[Opening Provided records section]

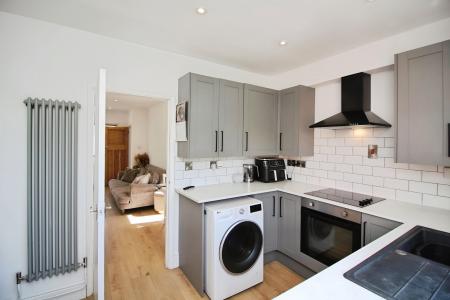 2 bedroom Semi-detached house for sale in Queniborough Road, Queniborough, LE7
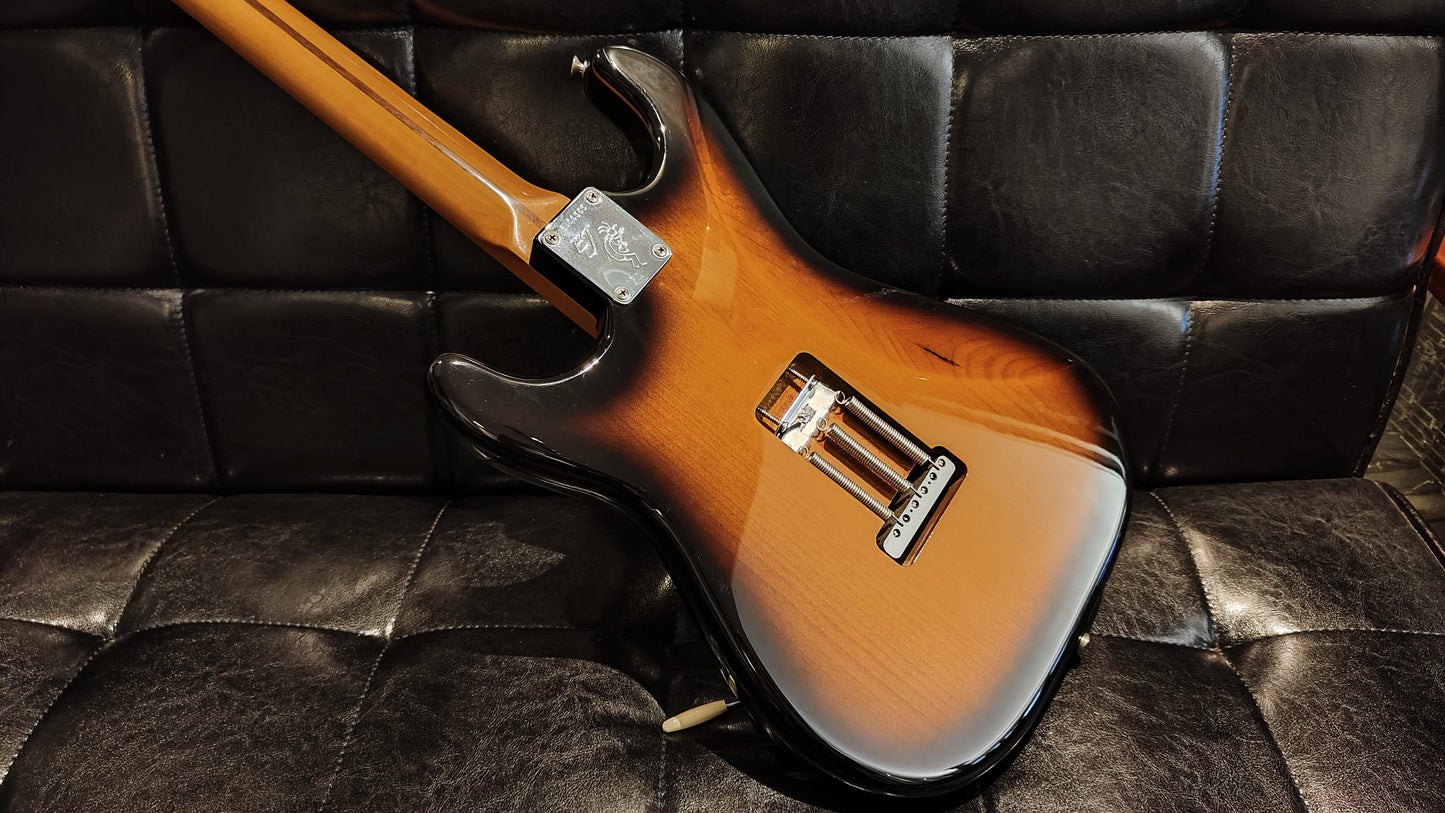 Fender Eric Johnson Stratocaster 2 Colour Sunburst (Used)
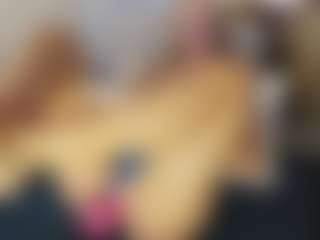 TaylorLove303's Live Sex Cam Show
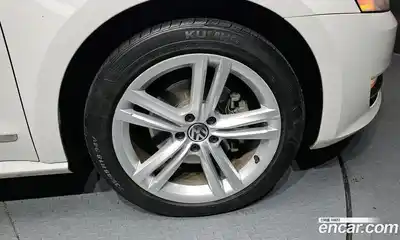 Volkswagen Passat 2014 2.0 гидро в Москве № 318009, миниатюра 5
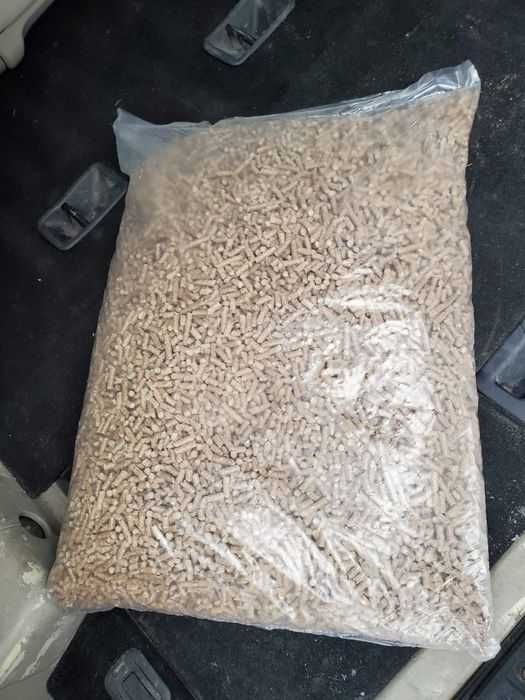 Брикеты Топливные пеллеты Дуб 8мм Хвойные 6мм лузга по 15кг БигБеги 1т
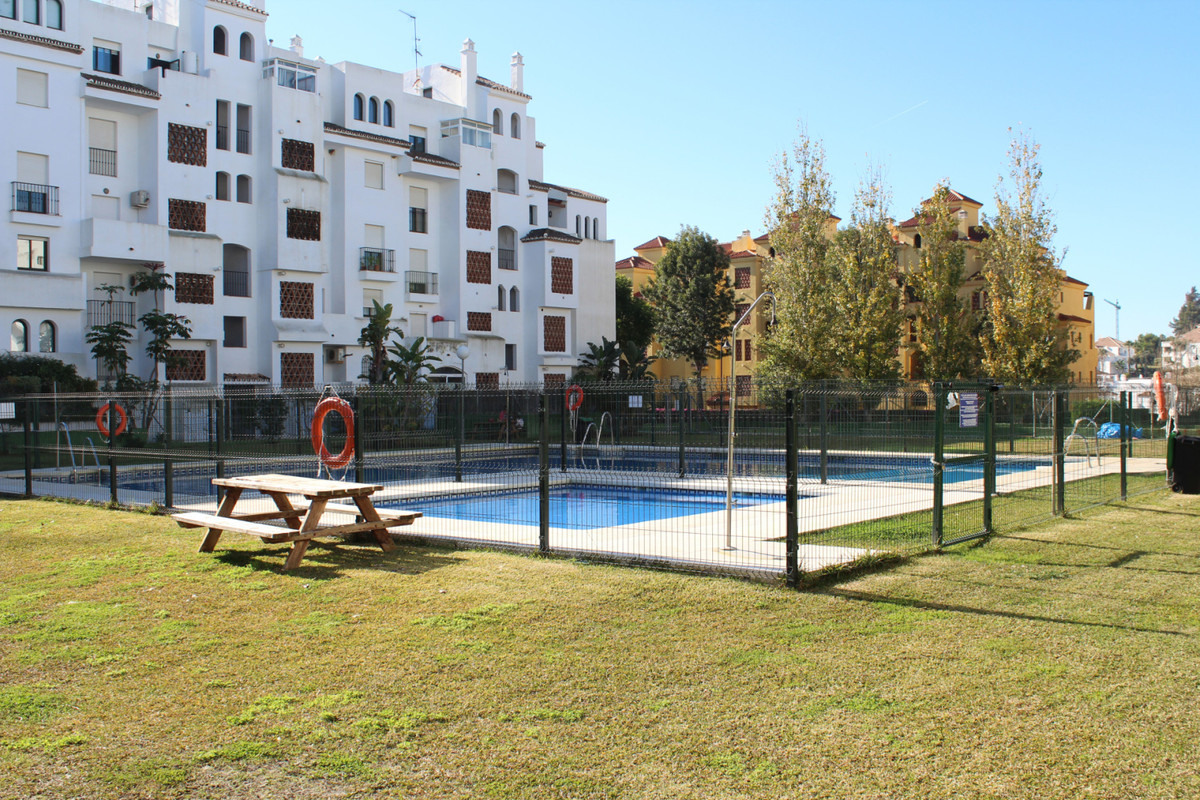 3 bedroom Apartment For Sale in Estepona, Málaga - thumb 18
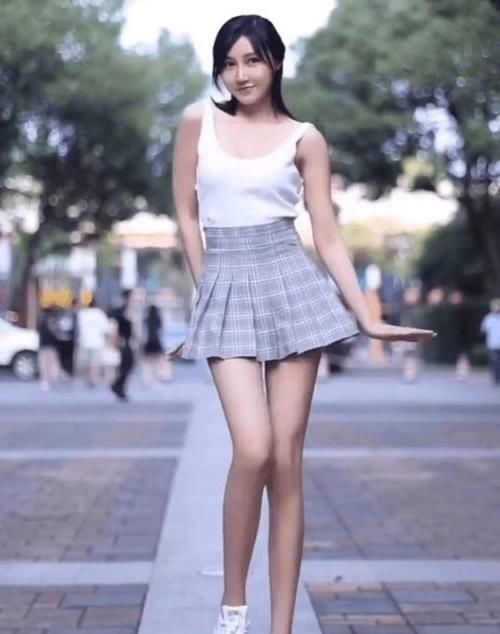 穿搭|性感小姐姐，穿吊带衣搭配格子百褶裙，这腿真是爱了！
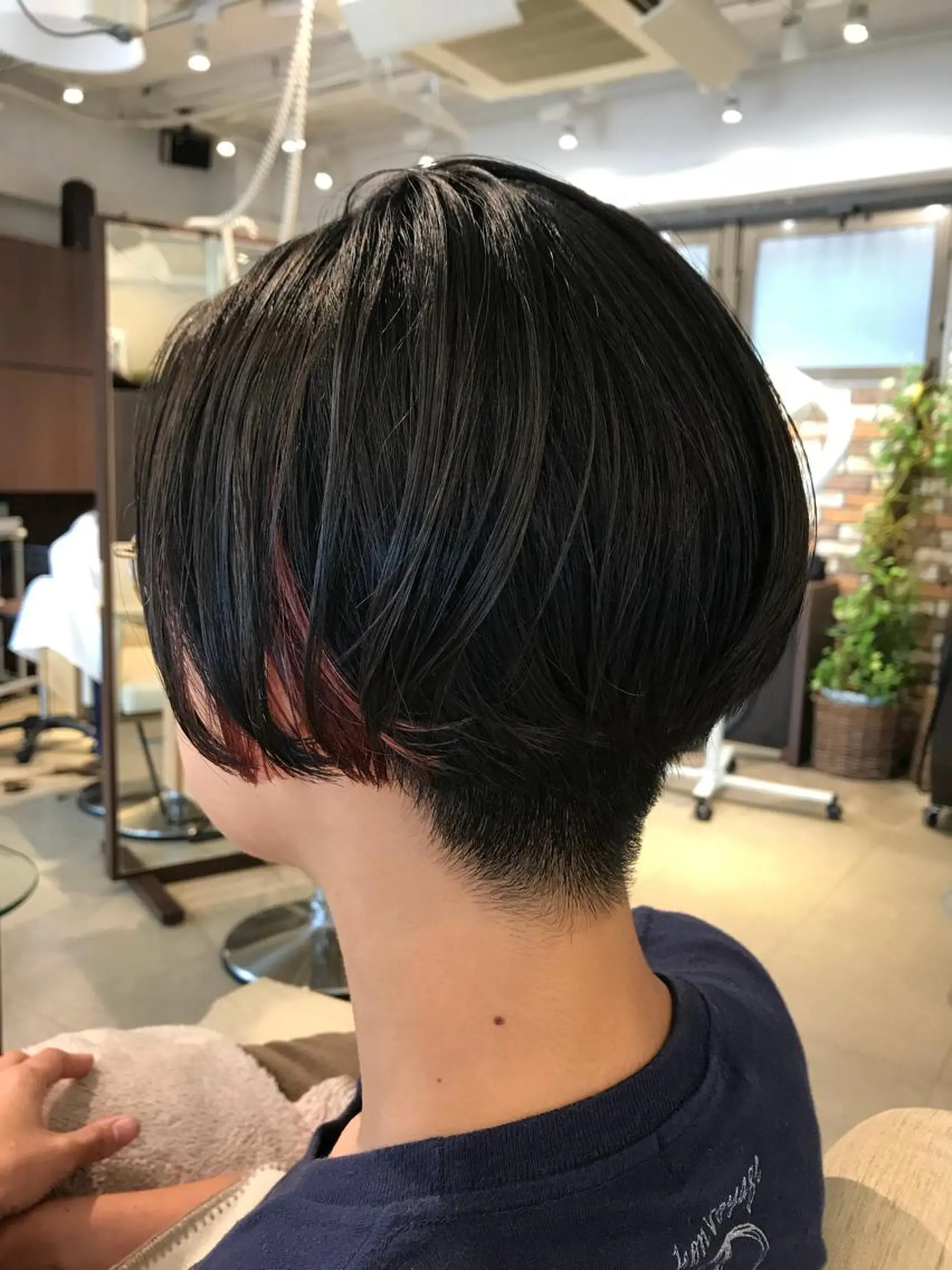 ショート カラー ショートボブ インナーカラー ローズカラー バイオレットカラー ボブ newi saLyu 片岡ふきのヘアスタイル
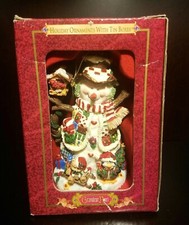 NIB Grandeur Noel Snowman Bird House Resin Christmas Holiday Ornament Tin Gift 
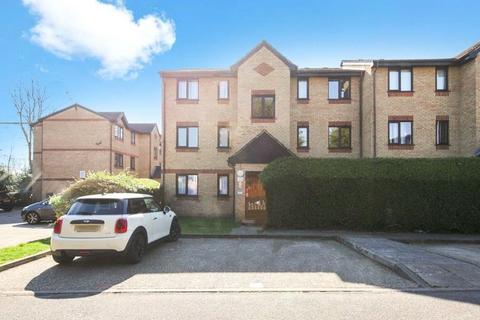 Woodfield Close, Enfield EN1 1 bed apartment for sale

[Closing Provided records section]

• Your instructions: Reproduce the lines above starting at the one with "Volkswagen Passat 2014" and ending at the one with "穿搭|性感小姐姐，穿吊带衣搭配格子百褶裙，这腿真是爱了！", both included, exactly and with no pictures.

• Answer section:
 Volkswagen Passat 2014 2.0 гидро в Москве № 318009, миниатюра 5
 Брикеты Топливные пеллеты Дуб 8мм Хвойные 6мм лузга по 15кг БигБеги 1т
 3 bedroom Apartment For Sale in Estepona, Málaga - thumb 18
 穿搭|性感小姐姐，穿吊带衣搭配格子百褶裙，这腿真是爱了！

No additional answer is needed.